Information supplied
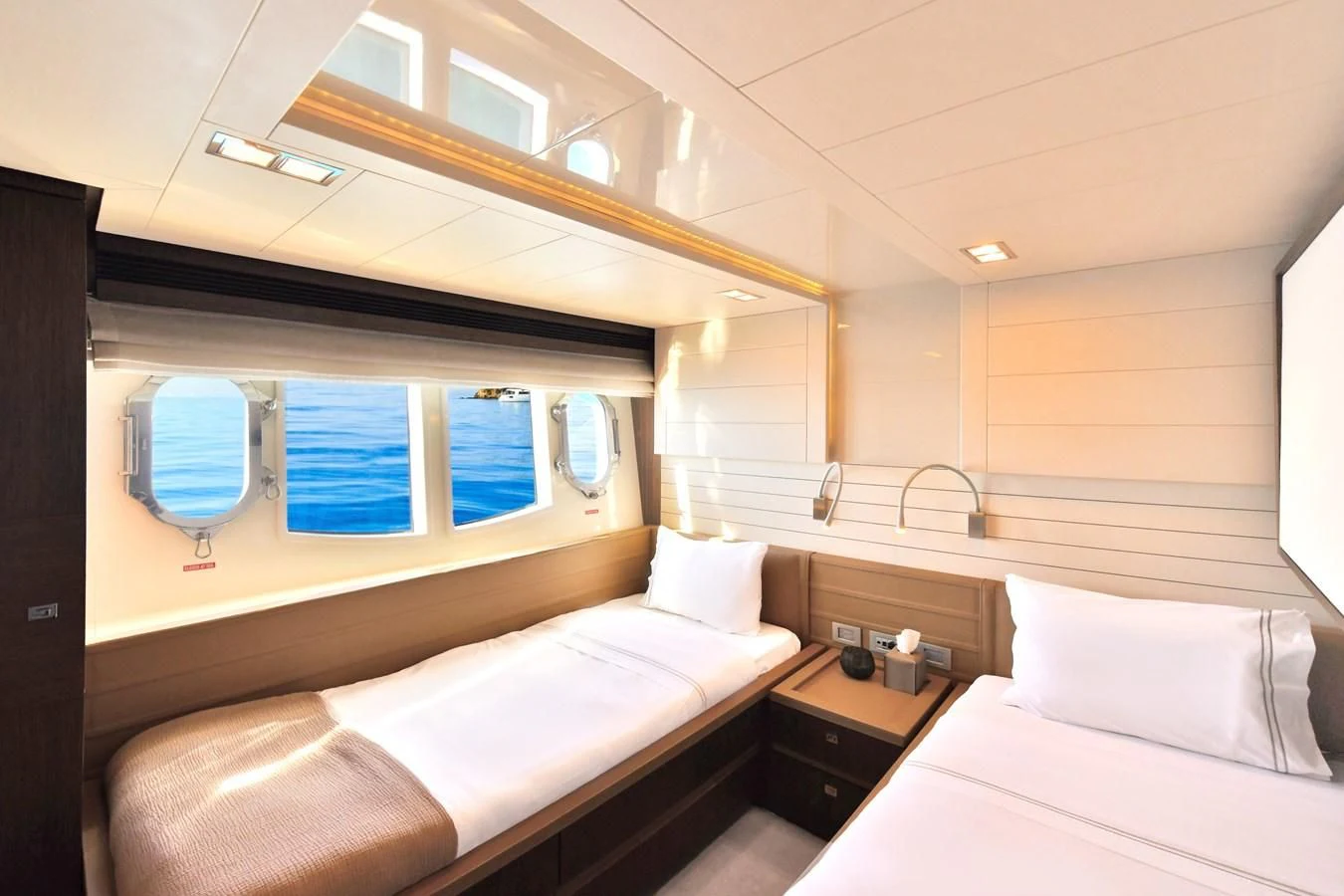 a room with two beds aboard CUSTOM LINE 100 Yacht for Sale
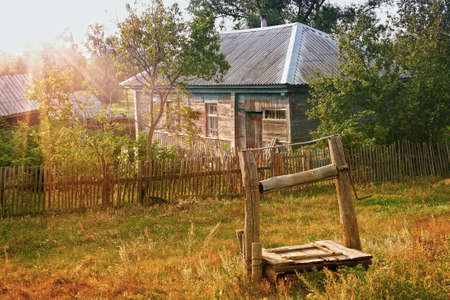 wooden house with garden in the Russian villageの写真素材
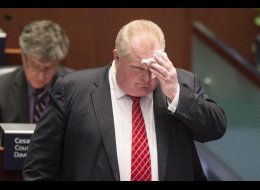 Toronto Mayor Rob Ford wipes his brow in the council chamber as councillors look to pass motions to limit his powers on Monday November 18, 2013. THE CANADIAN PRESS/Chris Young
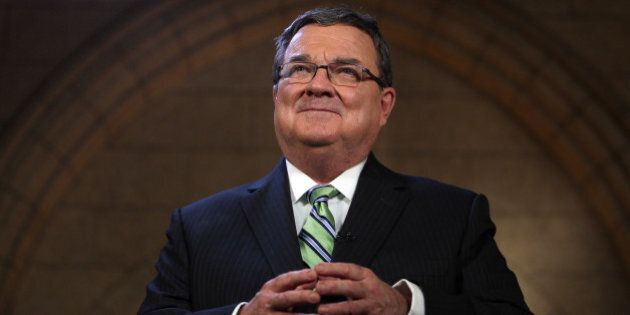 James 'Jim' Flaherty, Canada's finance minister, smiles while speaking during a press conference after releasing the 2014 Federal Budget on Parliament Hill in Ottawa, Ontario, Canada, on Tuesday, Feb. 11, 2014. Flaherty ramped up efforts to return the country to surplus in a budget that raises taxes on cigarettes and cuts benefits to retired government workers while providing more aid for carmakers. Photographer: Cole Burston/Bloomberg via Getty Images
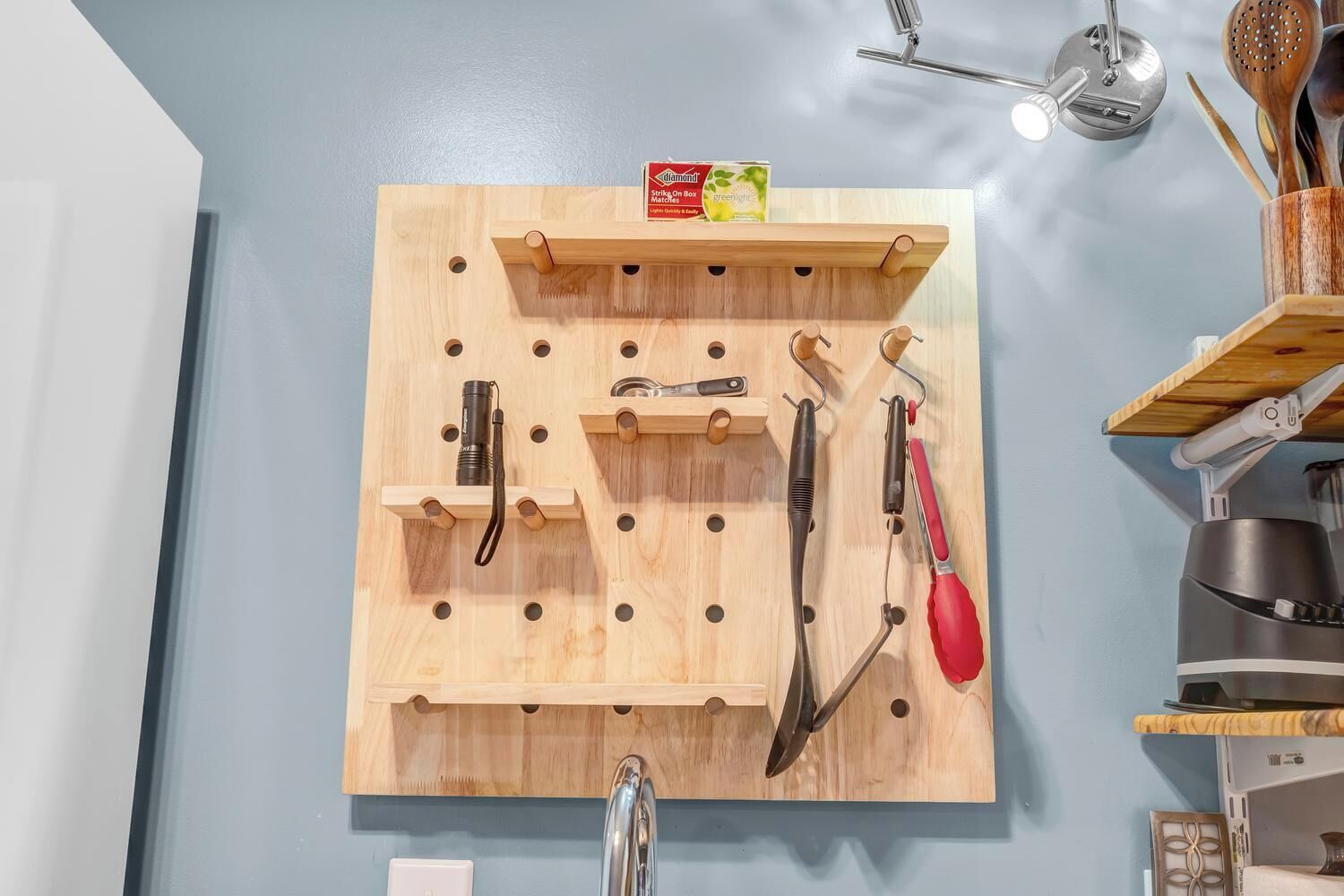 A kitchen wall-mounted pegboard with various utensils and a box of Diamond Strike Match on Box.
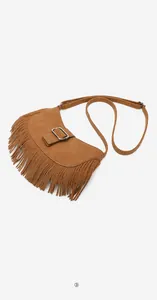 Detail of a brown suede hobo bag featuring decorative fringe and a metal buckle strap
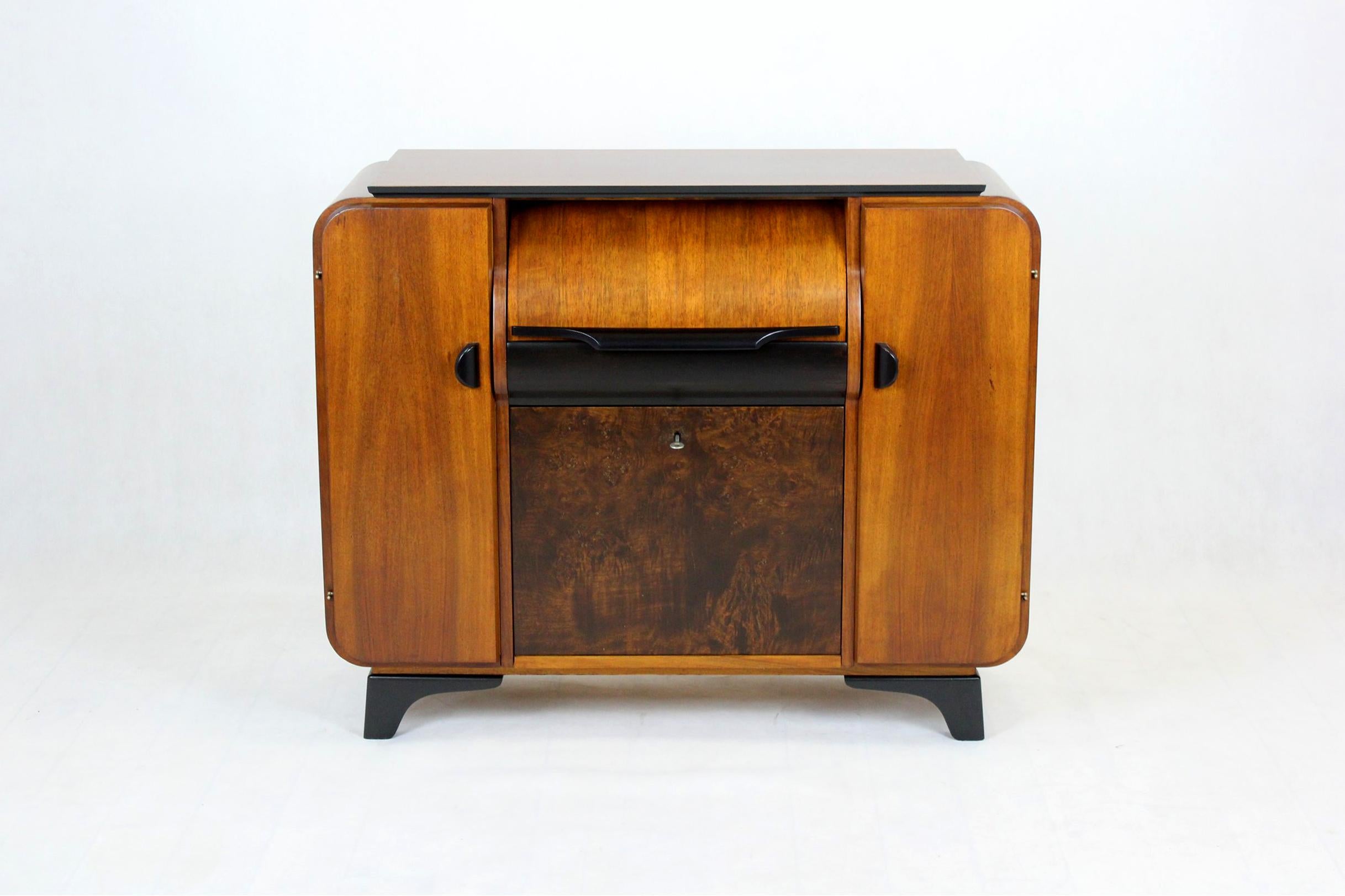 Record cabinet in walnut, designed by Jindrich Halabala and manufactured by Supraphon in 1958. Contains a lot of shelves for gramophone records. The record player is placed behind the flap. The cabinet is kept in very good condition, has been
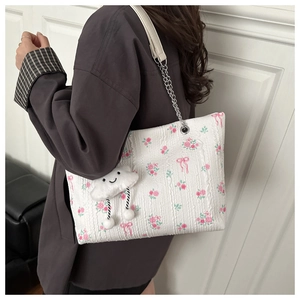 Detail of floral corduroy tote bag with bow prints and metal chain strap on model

Task directions
An exact copy of the entries above, with no pictures, is the required answer.

Answer to the exercise
 a room with two beds aboard CUSTOM LINE 100 Yacht for Sale
 wooden house with garden in the Russian villageの写真素材
 Toronto Mayor Rob Ford wipes his brow in the council chamber as councillors look to pass motions to limit his powers on Monday November 18, 2013. THE CANADIAN PRESS/Chris Young
 James 'Jim' Flaherty, Canada's finance minister, smiles while speaking during a press conference after releasing the 2014 Federal Budget on Parliament Hill in Ottawa, Ontario, Canada, on Tuesday, Feb. 11, 2014. Flaherty ramped up efforts to return the country to surplus in a budget that raises taxes on cigarettes and cuts benefits to retired government workers while providing more aid for carmakers. Photographer: Cole Burston/Bloomberg via Getty Images
 A kitchen wall-mounted pegboard with various utensils and a box of Diamond Strike Match on Box.
 Detail of a brown suede hobo bag featuring decorative fringe and a metal buckle strap
 Record cabinet in walnut, designed by Jindrich Halabala and manufactured by Supraphon in 1958. Contains a lot of shelves for gramophone records. The record player is placed behind the flap. The cabinet is kept in very good condition, has been
 Detail of floral corduroy tote bag with bow prints and metal chain strap on model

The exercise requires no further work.